Young's feature films as director of photography include White Lies, Black Sheep (2007), Pariah (2011), Restless City (2011), Middle of Nowhere (2012), Ain't Them Bodies Saints (2013), and Mother of George (2013). He has won Cinematography Awards at the Sundance Film Festival twice. In 2011, he won for his work on Pariah. Two years later, he won for his work on both Mother of George and Ain't Them Bodies Saints. Young is a member of the American Society of Cinematographers (ASC).
In 2012, Young worked with visual artist Leslie Hewitt on an dual-channel video installation work. On May 12, 2013, Young and director Andrew Dosunmu presented Mother of George as the Closing Night selection for Maryland Film Festival. He was the cinematographer for Selma, which won the BET Award for Best Movie in 2015.
On September 22, 2016, Young was announced as the cinematographer for the untitled Star Wars Anthology film on Han Solo. In January 2017, Young became the first African-American cinematographer to be nominated for an Academy Award, for his work on Arrival. His work on Arrival also earned him a Silver Frog award from Camerimage and nominations for awards from BAFTA and the American Society of Cinematographers.
He is the first person of color to be nominated in the Academy Award cinematography category since 1998 when Remi Adefarasin was nominated for Elizabeth. In addition to film work, Young has done cinematography for music videos for artists such as MGMT, Nora Jones, and Beck.
Young prefers shooting with available light. For example, in Pariah, for a nighttime bedroom scene, he shot using only Christmas lights and an IKEA lamp with a red lampshade. Amanda Petrusich in her 2012 article on Young for The New York Times states that he "favors raw light and has a penchant for shooting into it, but said he ultimately focuses on getting out of the way."

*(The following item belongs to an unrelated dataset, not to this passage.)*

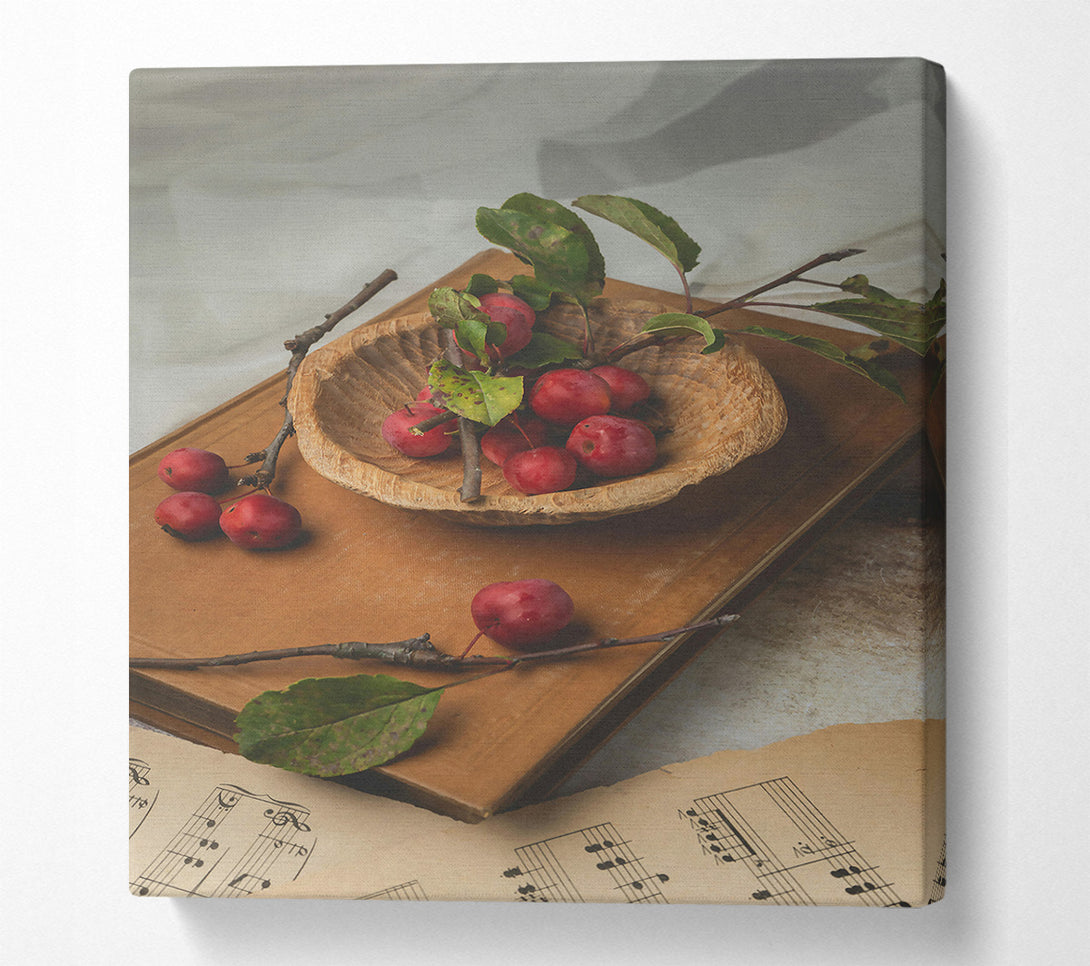  A Canvas Print of Crimson Apples On Wood Canvas Print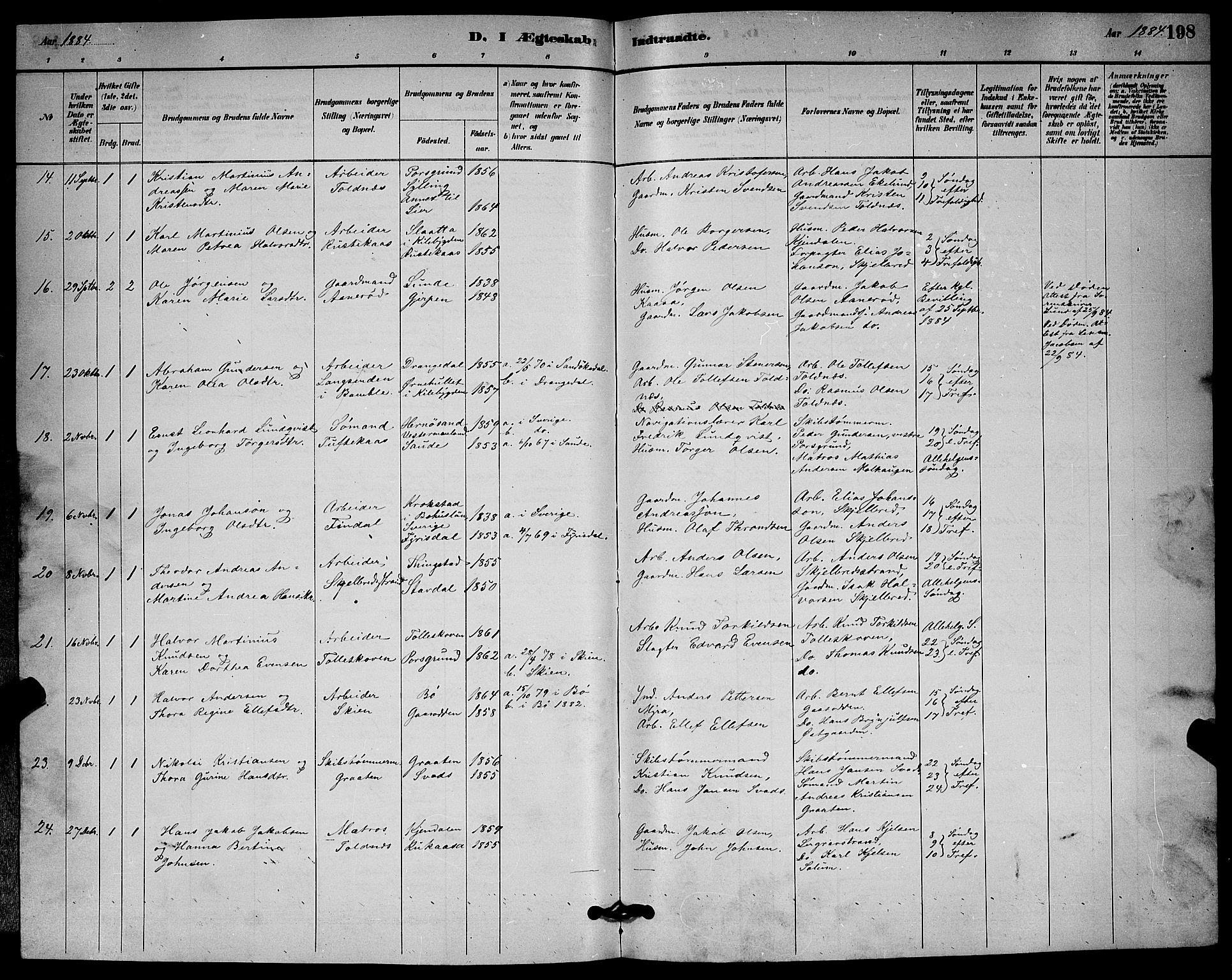 Solum kirkebøker, AV/SAKO-A-306/G/Ga/L0007: Parish register (copy) no. I 7, 1884-1898, p. 198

In a 2013 article from The Washington Post about cinematographers who were trained at Howard University, Hans Charles, a frequent camera assistant for Young said that he has developed a versatile but also consistently poetic, oblique visual style.
In a 2017 article from the Courier Journal, Young is quoted as acknowledging older black cinematographers such as Ernest Dickerson (Malcolm X), Arthur Jafa (Daughters of the Dust) and Malik Sayeed (Clockers) as artists who lay a foundation for black cinematographers like himself. He told the Courier Journal that he was "trying to find that balance between making sure I am present but also being that voice in the wilderness that says 'there has been great work by African-American cinematographers and it's a shame those people who came before me and who have been my teachers were not nominated for awards.'" 
He also cited his childhood memory as a key source of inspiration: "Early on, when I came upon a technical difficulty (making a film), I would think back to my memories of growing up in Louisville and what the lighting was like in those moments. I still do that to this day. I think about my grandmother's house on Greenwood Avenue and scenes during her wonderful parties. Or I envision the light in my Aunt Marie's kitchen. When I am stuck on a technical issue making a film, I access those memories and I know I am doing the right thing."  Young has spoken about his affinity for nonlinear storytelling and switching between overhead and handheld camera shots.
Mr. Young has gathered considerable accolades from the indie community (as well as beyond it), but he continues to tussle personally with the insularity of the scene.
For his part, Young credits another film professor, Daniel Williams, and especially Gerima as the spiritual godfather of what may be, by now, fairly codified as a bona fide successor to the L.A. Rebellion — the Howard Continuum.